Le Collectif national pour les droits des femmes reconnaît que depuis les années 1970, de grands pas ont été accomplis : le viol a été criminalisé en 1980, le harcèlement sexuel a fait son entrée dans le code pénal et le code du travail en 1992 et des lieux d’accueil et d’hébergement d’urgence ont vu le jour. "Mais les textes sur les violences faites aux femmes sont totalement dispersés, regrette Maya Surduts, l’un des porte-parole du collectif. Certains sont dans le code pénal, d’autres dans le code civil ou celui de la santé publique. Nous voulons les regrouper dans une grande loi-cadre et les enrichir de nouvelles dispositions."

Le Collectif propose ainsi de créer, comme en Espagne, où 150 000 plaintes ont été enregistrées en un an, des tribunaux spécialisés dans les violences à l’encontre des femmes. "Il s’agit d’un contentieux massif qui nécessite des juges formés, souligne Suzy Rojtman. Ces tribunaux permettraient de mieux articuler les décisions pénales, comme la sanction des violences, et les décisions civiles, comme la garde des enfants.
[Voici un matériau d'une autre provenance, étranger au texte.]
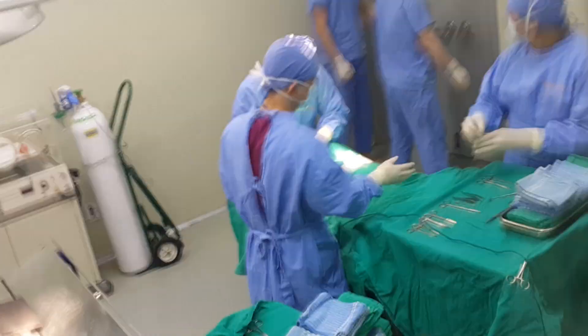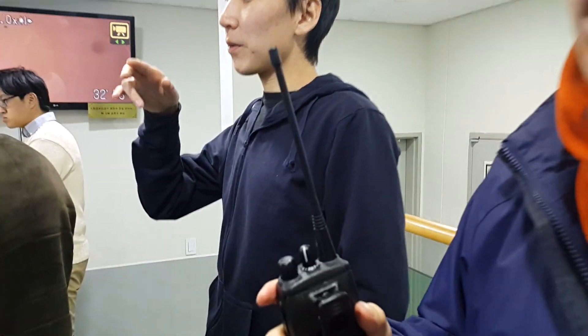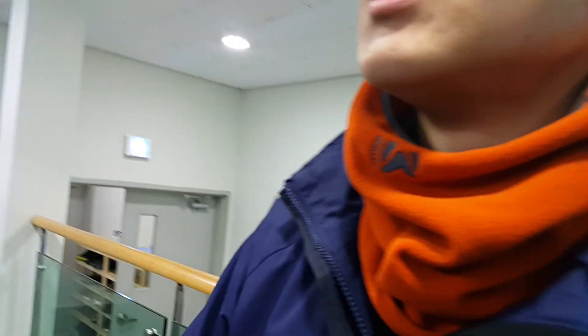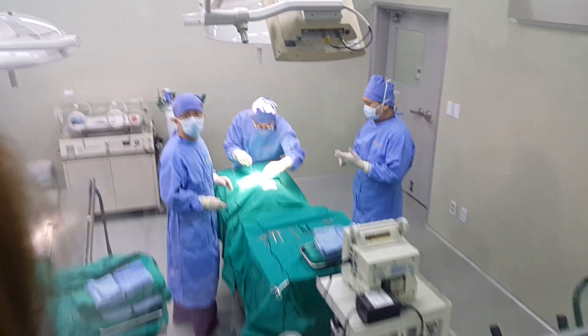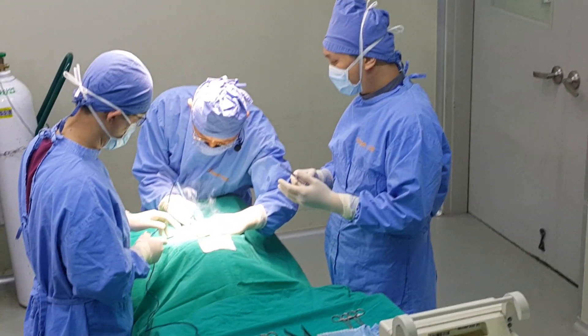The process we're going to do is called the embryo transfer process. It's a process where we transfer the clone embryo into the surrogate mother. Before this project, this surgery itself used to take more than two hours. The pregnancy efficiency was less than one percent. But now the procedure itself takes less than five minutes.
Aujourd’hui, elles sont prises par des magistrats différents : ils prennent parfois des décisions contradictoires, qui peuvent faire de grands dégâts humains."

La loi-cadre prévoit également d’instaurer une "ordonnance de protection" : dans les vingt-quatre heures suivant le dépôt d’une plainte, le couple serait convoqué par le juge, qui pourrait imposer au conjoint violent le départ du logement, lui interdire tout contact avec la victime ou suspendre son droit de visite auprès des enfants. Enfin, la loi-cadre propose d’élargir la notion de harcèlement sexuel, de lutter contre les publicités et les programmes de télévision "sexistes", de créer des structures d’accueil pour les victimes de violences, de leur donner un accès prioritaire aux logements sociaux et d’instaurer un secrétariat d’Etat et un observatoire consacrés à ces questions.

Le collectif a envoyé sa proposition à Ségolène Royal, qui avait promis, en novembre 2006, lors d’une visite au centre SOS Femmes 93 de Bondy (Seine-Saint-Denis), que si elle était élue, sa première loi serait consacrée aux violences faites aux femmes. "Je veux que la loi du silence soit levée et que l’Etat reconnaisse cette criminalité comme une criminalité à part entière", avait-elle déclaré. Le collectif se félicite de cet engagement mais souhaite que sa proposition ne soit pas dépecée. "Ce texte n’est pas un supermarché !, sourit Mme Surduts. Il a une cohérence que nous voulons préserver."